The true horror of the bombs, which made them the most terroristic of actions, was the long shadow they cast to this day. The spectre of nuclear annihilation still hangs over the world like a sickness. In the years following the terror attacks on Japan, the world’s arsenal of nuclear weapons expanded, with new and more powerful weapons being developed to rain horrors upon humanity.

The atomic bomb was followed by the hydrogen bomb, which was more powerful by orders of magnitude than those unleashed on Hiroshima and Nagasaki. Following that came inter-continental ballistic missiles, which were capable of devastating populations on the other side of the planet. Then there was the neutron bomb, a weapon that could massacre entire populations but leave property unharmed.

Though so far we have not seen even limited use of nuclear weaponry in combat, the growth of the nuclear age has not been victimless. Apart from the dead of Hiroshima and Nagasaki, there are the countless dead and injured from nuclear weapons tests, often conducted without warning or protection for indigenous, working class and people of colour. Then there are those poisoned and harmed by uranium mining and the construction of military bases and silos from Australia to Greenland.

For many young people, these facts may not seem particularly relevant. The question of nuclear war is something that has been relegated to the past, to a period of American-Soviet rivalry and the “Red Menace”. It seems that now there are many more pressing issues than nuclear disarmament.

This could not be further from the truth. The world’s powers, particularly the US, still possess huge arsenals of nuclear weapons, easily enough to exterminate the human race multiple times over. Even a limited exchange of nuclear weapons would have enormous consequences. International Physicians for the Prevention of Nuclear War and Physicians for Social Responsibility have estimated that a nuclear exchange between India and Pakistan — two of the less well-armed nuclear powers — would trigger a famine that would spell death for at least two billion people and cause the collapse of the entire world food system. India and Pakistan “only” have about 100 weapons each, enough to cause a crisis unlike any the world has ever experienced.

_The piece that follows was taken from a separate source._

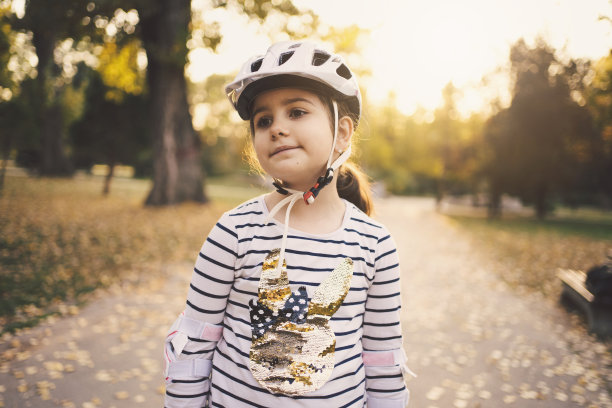 秋天的一个小女孩的画像图片下载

These weapons remain dangerous, and will only grow more so over time. Capitalism is entering a long period of ecological, geopolitical and economic crises. In this period, conflict between capitalist nations is inevitable, as the changing composition of world capitalism drives the ruling classes to compete and challenge each other in different ways. Deep-seated social crisis, especially in the advanced capitalist nations and their spheres of influence, are what drive international conflict.

One example of how the ongoing crisis of capitalism will drive these conflicts is in the area of climate change. As climate change uproots millions of people in the Global South and limits access to resources, oil, water and gas will become the sources of increasing international tension between competing imperial interests. Already, we are seeing a massive, systematic global land grab by multinational corporations aiming to establish massive agribusiness interests at the expense of indigenous people.

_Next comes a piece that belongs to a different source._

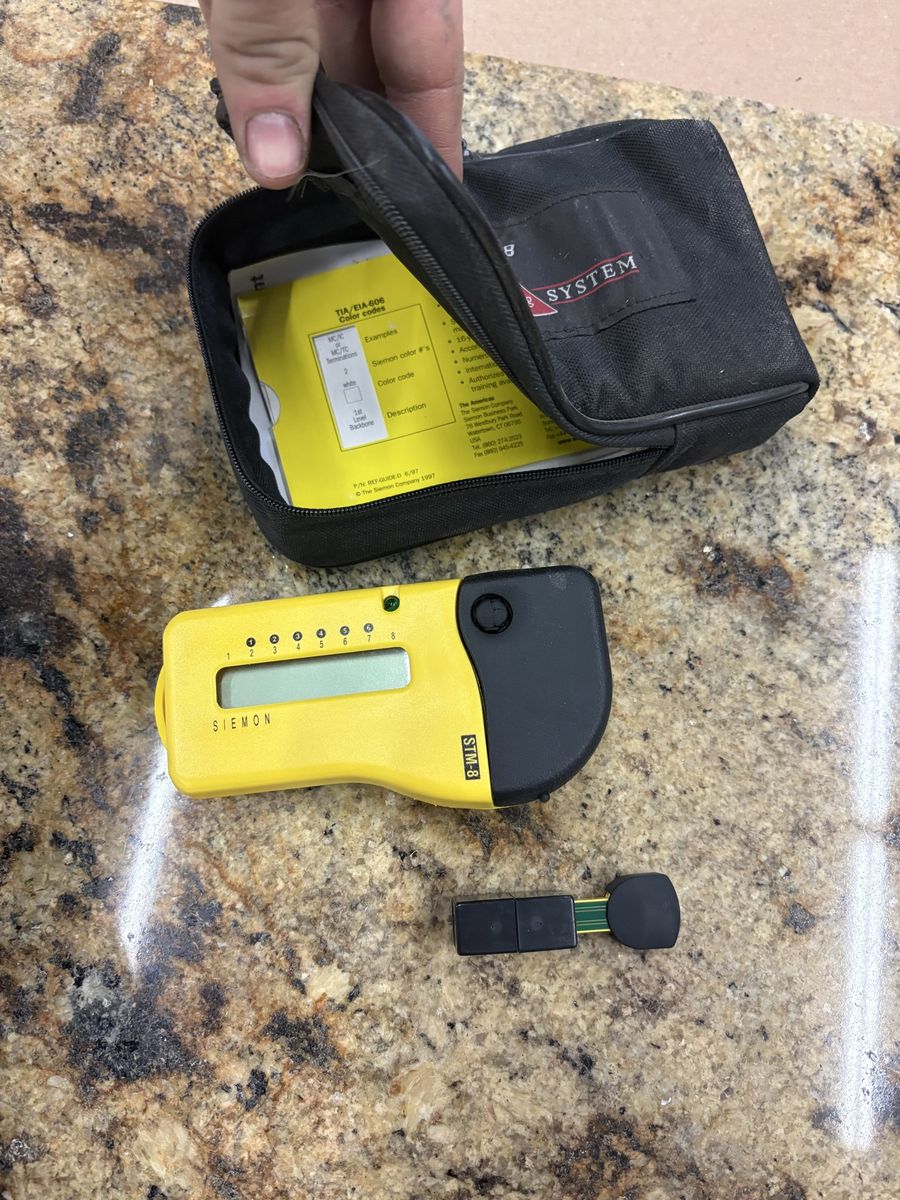 Siemon STM-8 Cabling System Tester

This crisis is driven by contradictions that lie at the heart of capitalism. The drive for ever-increasing profits, and competition between companies and between national blocs, drives conflict as all the agents involved are engaged in a race to grab as many resources as possible.

Ultimately, there is only one path that can secure a stable and safe future for young people. We need to fight for total disarmament of all nuclear, biological and chemical weaponry. We need to fight to disarm and dismantle the imperialist war machines that drive conflict. We need to uproot the system that drives war to fill the pockets of the corporations.

It is only by directly challenging the established authorities and their policies of war and exploitation that young people can establish for themselves a future in which the human race is able to live at peace with the natural world of which it is a part. Now more than ever, it is imperative for young people to seize on a historical moment to challenge capitalism and all its assorted social catastrophes.

Ultimately, for the future of all people, it is time that we end the nuclear age.

[Angus McAllen is an activist in the Brisbane branch of Resistance—Young Socialist Alliance.]